Когда вслѣдъ затѣмъ я очутился въ отведенной для меня камерѣ, то съ перваго взгляда она показалась мнѣ крайне невзрачной: узенькая, формы неправильнаго треугольника, камера эта была такъ мала, что по ней можно было сдѣлать лишь 2–3 шага; къ тому же сквозь небольшое окно съ рѣшетками проходило мало свѣта, но койка и другія необходимыя тюремныя принадлежности въ ней имѣлись. Не успѣлъ я сбросить съ себя верхнее платье, какъ услышалъ совсѣмъ вблизи голоса, которые звали меня подойти къ дверному окошечку. Оказалось, что рядомъ со мною помѣщались также привезенные въ Бутырки на зимовку двое осужденныхъ въ каторжныя работы по почти одновременно съ моимъ состоявшемуся въ Петербургѣ процессу 14-ти, извѣстному у насъ больше по имени главнаго въ немъ лица — Вѣры Фигнеръ. Сосѣди по камерамъ были моими ровесниками — 28 и 30 лѣтъ. Старшій — Афанасій Спандони-Басманджи былъ приговоренъ къ 15 годамъ, а другой — Владиміръ Чуйковѣкъ 20 годамъ. Оба они довольно долгое время просидѣли въ Петропавловской крѣпости, что въ сильной степени повліяло на ихъ здоровье.

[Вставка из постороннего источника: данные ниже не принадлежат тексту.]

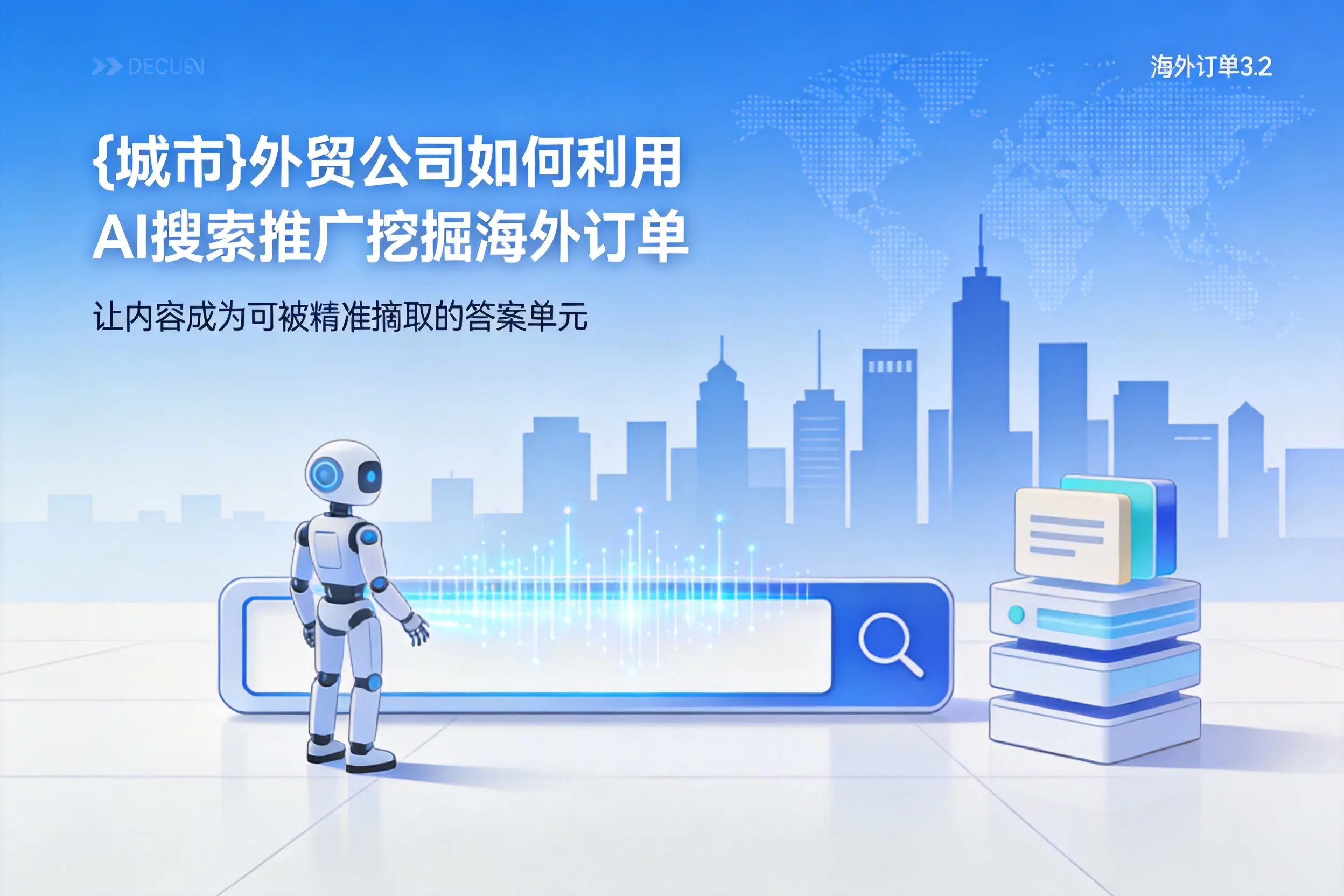 保定外贸公司如何利用AI搜索推广挖掘海外订单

Обмѣну новостями и всевозможнымъ разсказамъ въ теченіе первыхъ дней не было у насъ конца. Мы свободно могли разговаривать не только во время совмѣстныхъ прогулокъ по небольшому дворику, примыкавшему къ нашей Пугачевской башнѣ, но также, когда находились въ камерахъ. Мои опасенія относительно суровости предстоящаго режима, такимъ образомъ, оказались совершенно напрасными.

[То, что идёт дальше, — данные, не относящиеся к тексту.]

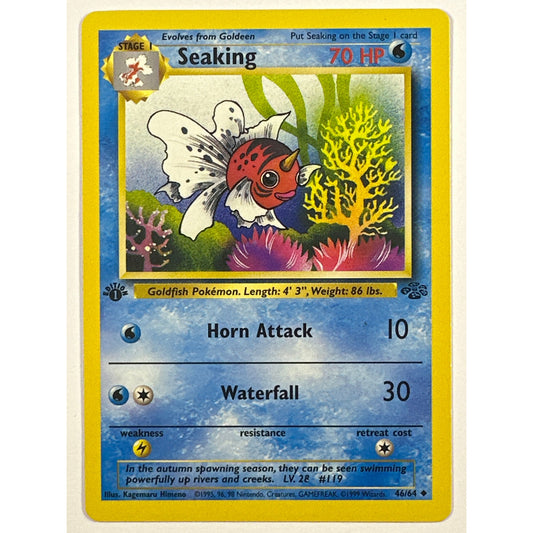 1st Edition Seaking Non Holo Uncommon 46/64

Въ одинъ изъ первыхъ вечеровъ меня позвали въ контору. Тамъ я нашелъ принимавшаго насъ въ день прихода стараго капитана. Пригласивши меня сѣсть на стоявшій возлѣ стола свободный стулъ, капитанъ сказалъ, что желаетъ поговорить со мною вполнѣ откровенно.
— Вы хотите бѣжать отсюда? — заявилъ онъ. — Но я считаю нужнымъ предупредить васъ, что это принесетъ большой вредъ вамъ и вашимъ товарищамъ. Мы здѣсь никого не стѣсняемъ. Если вамъ что нужно, напишите «черненькимъ по бѣленькому»[19]
, мы это пошлемъ губернатору, а онъ всегда удовлетворяетъ законныя желанія заключенныхъ.Старый капитанъ, очевидно, понималъ людей нашей среды. Узнавъ, изъ моихъ-ли бумагъ или изъ другого источника о прежнихъ моихъ побѣгахъ, онъ пустилъ въ ходъ дипломатическую хитрость и прямо поставилъ вопросъ, стараясь напередъ задобрить меня обѣщаніемъ разныхъ облегченій. Я заявилъ ему, что, конечно, всякій осужденный на каторгу не прочь бѣжать, но, насколько могу судить, изъ этой тюрьмы невозможно осуществить такое желаніе; сдѣлать же легкомысленную попытку, — на «авось», — не въ моихъ интересахъ. Мы затѣмъ разстались съ нимъ въ хорошихъ отношеніяхъ.
Двѣ недѣли спустя, послѣ моего прихода въ Москву, изъ Кіева къ намъ, въ Бутырки, должны были привести еще восемь человѣкъ по уже упомянутому мною процессу Шебалина съ товарищами. Но въ день прихода арестантской партіи въ нашу башню привели только двухъ поселенцевъ — Макара Васильева и Петра Дашкевича, а въ женскую башню — Парасковью Шебалину и Варвару Шулепникову, осужденную на житье въ Сибирь. Всѣхъ же четырехъ мужчинъ каторжанъ[20]
по этому процессу, какъ вскорѣ оказалось, совершенно неожиданно отвезли въ Шлиссельбургскую крѣпость. Отъ вновь прибывшихъ поселенцевъ — Васильева и Дашкевича — мы узнали подробности печальной исторіи увоза ихъ товарищей — сопроцессниковъ въ Шлиссельбургъ.